## RECORD EXTRACTS
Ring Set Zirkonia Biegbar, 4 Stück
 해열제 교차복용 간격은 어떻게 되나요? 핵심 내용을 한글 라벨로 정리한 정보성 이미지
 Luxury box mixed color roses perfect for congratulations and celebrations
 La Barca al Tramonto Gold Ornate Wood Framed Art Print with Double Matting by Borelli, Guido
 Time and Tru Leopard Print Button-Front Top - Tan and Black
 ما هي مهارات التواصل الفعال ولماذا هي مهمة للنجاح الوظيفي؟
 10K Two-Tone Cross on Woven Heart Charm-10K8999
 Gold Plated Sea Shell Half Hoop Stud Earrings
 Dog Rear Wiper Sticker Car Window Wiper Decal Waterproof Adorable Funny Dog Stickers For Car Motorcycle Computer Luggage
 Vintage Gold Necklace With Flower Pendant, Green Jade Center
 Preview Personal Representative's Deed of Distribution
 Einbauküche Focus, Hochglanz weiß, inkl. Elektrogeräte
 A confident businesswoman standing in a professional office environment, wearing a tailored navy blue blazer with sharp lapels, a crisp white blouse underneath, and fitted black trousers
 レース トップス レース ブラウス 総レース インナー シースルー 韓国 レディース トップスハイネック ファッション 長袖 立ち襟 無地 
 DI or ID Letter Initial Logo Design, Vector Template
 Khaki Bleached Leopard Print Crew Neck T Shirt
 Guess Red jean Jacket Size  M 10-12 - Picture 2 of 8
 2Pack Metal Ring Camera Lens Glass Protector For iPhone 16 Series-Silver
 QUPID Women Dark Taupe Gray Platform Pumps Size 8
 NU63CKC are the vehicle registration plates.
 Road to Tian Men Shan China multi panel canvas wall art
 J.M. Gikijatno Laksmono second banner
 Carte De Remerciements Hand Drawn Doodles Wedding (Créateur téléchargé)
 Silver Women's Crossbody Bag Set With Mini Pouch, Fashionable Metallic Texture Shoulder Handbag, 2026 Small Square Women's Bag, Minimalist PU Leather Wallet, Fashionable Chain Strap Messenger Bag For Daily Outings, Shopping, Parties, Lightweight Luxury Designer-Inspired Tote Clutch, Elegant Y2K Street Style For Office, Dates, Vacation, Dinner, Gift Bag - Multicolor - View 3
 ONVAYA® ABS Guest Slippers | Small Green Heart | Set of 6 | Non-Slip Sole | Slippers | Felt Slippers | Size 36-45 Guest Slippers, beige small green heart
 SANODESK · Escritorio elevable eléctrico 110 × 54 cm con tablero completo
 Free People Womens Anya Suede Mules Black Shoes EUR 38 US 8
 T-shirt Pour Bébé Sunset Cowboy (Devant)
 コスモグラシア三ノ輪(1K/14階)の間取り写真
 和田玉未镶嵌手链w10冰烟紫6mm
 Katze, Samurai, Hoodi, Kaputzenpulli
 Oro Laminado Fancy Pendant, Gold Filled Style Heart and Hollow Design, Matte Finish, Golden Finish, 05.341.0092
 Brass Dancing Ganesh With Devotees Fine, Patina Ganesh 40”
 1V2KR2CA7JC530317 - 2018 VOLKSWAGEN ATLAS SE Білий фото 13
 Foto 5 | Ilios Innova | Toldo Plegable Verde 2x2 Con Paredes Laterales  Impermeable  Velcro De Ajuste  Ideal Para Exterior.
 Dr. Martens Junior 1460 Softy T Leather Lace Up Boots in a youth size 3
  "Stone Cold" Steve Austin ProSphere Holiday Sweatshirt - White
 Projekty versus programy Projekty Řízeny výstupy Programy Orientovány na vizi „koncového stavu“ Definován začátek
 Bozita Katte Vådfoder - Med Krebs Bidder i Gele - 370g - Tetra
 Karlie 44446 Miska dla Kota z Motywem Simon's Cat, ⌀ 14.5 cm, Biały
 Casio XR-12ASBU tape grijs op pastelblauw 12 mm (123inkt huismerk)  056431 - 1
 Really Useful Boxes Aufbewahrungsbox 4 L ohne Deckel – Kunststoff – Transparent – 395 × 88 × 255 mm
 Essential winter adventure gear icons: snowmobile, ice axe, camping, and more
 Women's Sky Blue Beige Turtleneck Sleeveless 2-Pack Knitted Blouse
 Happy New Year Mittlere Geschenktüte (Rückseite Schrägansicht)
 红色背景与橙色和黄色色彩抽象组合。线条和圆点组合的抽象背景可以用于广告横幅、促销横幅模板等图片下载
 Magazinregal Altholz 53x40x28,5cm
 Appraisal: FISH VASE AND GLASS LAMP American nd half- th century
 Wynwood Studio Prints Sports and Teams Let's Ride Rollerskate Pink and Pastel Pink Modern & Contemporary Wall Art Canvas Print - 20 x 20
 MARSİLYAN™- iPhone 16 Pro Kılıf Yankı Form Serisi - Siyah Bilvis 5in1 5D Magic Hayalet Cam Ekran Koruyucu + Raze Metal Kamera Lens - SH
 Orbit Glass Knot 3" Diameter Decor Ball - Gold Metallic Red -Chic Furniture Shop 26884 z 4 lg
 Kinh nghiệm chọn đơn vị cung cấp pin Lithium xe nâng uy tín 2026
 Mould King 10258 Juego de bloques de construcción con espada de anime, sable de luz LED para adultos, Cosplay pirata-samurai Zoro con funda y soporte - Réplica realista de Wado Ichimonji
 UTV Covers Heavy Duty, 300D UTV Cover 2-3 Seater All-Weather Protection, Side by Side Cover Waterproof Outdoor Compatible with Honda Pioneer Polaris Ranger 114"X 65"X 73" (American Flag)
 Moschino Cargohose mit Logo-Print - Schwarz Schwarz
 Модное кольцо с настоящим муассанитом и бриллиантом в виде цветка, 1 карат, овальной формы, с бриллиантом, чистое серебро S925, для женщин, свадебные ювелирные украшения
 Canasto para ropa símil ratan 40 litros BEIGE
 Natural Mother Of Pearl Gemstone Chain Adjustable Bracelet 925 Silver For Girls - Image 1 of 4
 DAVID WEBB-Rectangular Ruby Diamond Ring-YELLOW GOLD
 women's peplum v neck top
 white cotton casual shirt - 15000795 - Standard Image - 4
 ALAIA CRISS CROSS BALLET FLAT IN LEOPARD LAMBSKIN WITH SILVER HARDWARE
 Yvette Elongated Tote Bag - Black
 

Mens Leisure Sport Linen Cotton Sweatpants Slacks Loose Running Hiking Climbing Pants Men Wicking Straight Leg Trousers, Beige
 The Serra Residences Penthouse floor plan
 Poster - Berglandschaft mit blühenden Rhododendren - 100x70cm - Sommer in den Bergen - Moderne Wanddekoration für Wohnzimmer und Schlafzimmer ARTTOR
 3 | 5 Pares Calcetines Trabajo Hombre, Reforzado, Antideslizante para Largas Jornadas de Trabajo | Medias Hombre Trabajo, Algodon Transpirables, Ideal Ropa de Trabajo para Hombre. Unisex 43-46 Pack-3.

## PROBLEM TO WORK ON
Copy out only the lines above from the one with "コスモグラシア三ノ輪(1K/14階)の間取り写真" to the one with "Brass Dancing Ganesh", inclusive, exactly as they stand.

## FINISHED TASK
 コスモグラシア三ノ輪(1K/14階)の間取り写真
 和田玉未镶嵌手链w10冰烟紫6mm
 Katze, Samurai, Hoodi, Kaputzenpulli
 Oro Laminado Fancy Pendant, Gold Filled Style Heart and Hollow Design, Matte Finish, Golden Finish, 05.341.0092
 Brass Dancing Ganesh With Devotees Fine, Patina Ganesh 40”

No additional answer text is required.